Hoy, el ser humano parece haber caído en la trampa denunciada por Séneca hace 2.000 años: «Quien está en todas partes no está en ninguna parte». Y de la capacidad que tenga de sobreponerse a los retos de este entorno parece depender mucho su bienestar futuro. Berardi, para terminar este recorrido, ve en este enfrentamiento entre individuo y mundo exterior un duelo absolutamente despiadado:
«Solo un exceso de imaginación puede encontrar la vía hacia una neuroplasticidad consciente, navegable. Pero lo que no sabemos es si ese exceso de imaginación aún puede tener lugar cuando se ha fijado el cableado cognitivo. Esta es la pregunta con la que tendremos que lidiar en las próximas décadas. Es el próximo desafío, el juego neohumano que hoy, en medio de lo que parece ser una imparable e irreversible catástrofe de la civilización humana, apenas podemos vislumbrar» [1, p. 342, el enfásis es nuestro].

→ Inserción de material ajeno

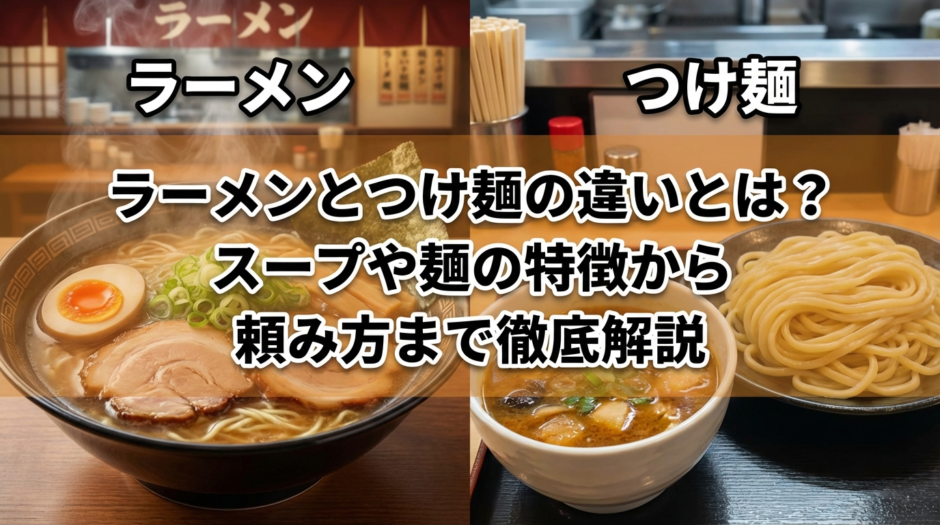 ラーメンとつけ麺の違いとは？スープや麺の特徴から頼み方まで徹底解説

Barcelona, marzo de 2020-2021
[1] Franco Berardi. Fenomenología del fin. Sensibilidad y mutación conectiva. Buenos Aires: Caja Negra Editora, 2017.
[2] Carlos Carbonell. Zombis. En Textos para pensar, 2016.
[3] Nicholas Carr. Qué esta haciendo Internet con nuestras mentes. Superficiales. España: Taurus, 2011.
[4] Sigmund Freud. «La moral sexual «cultural» y la nerviosidad moderna». En Sigmund Freud Obras Completas, vol. ix: El delirio y los sueños en la «Gradiva» de W. Jensen, y otras obras. Buenos Aires: Amorrortu, 1986.
[5] Sigmund Freud. «Más allá del principio de placer». En Sigmund Freud Obras Completas, vol. xii: Más allá del principio de placer, Psicología de las masas y análisis del yo, y otras obras. Buenos Aires: Amorrortu, 1984.
[6] Sigmund Freud. «Sobre la iniciación del tratamiento». En Sigmund Freud Obras Completas, vol. xii: «Sobre un caso de paranoia descrito autobiográficamente» (caso Schreber), Trabajos sobre la técnica psicoanalítica, y otras obras. Buenos Aires: Amorrortu, 1986.
[7] Byung-Chul Han. El aroma del tiempo. Barcelona: Herder, 2015.
[8] Olga Palomino. La fuerza del relato. En Textos para pensar, 2018.
[9] Alba Solé (29 de mayo de 2019). Qué es la generación Alfa, la primera que será 100% digital. BBC News Mundo.
[10] Alvin Toffler. El «shock» del futuro. Barcelona: Plaza & Janés, 1981.
[11] Adrián Triglia (10 de noviembre de 2016) Plasticidad cerebral (o neuroplasticidad): ¿qué es?.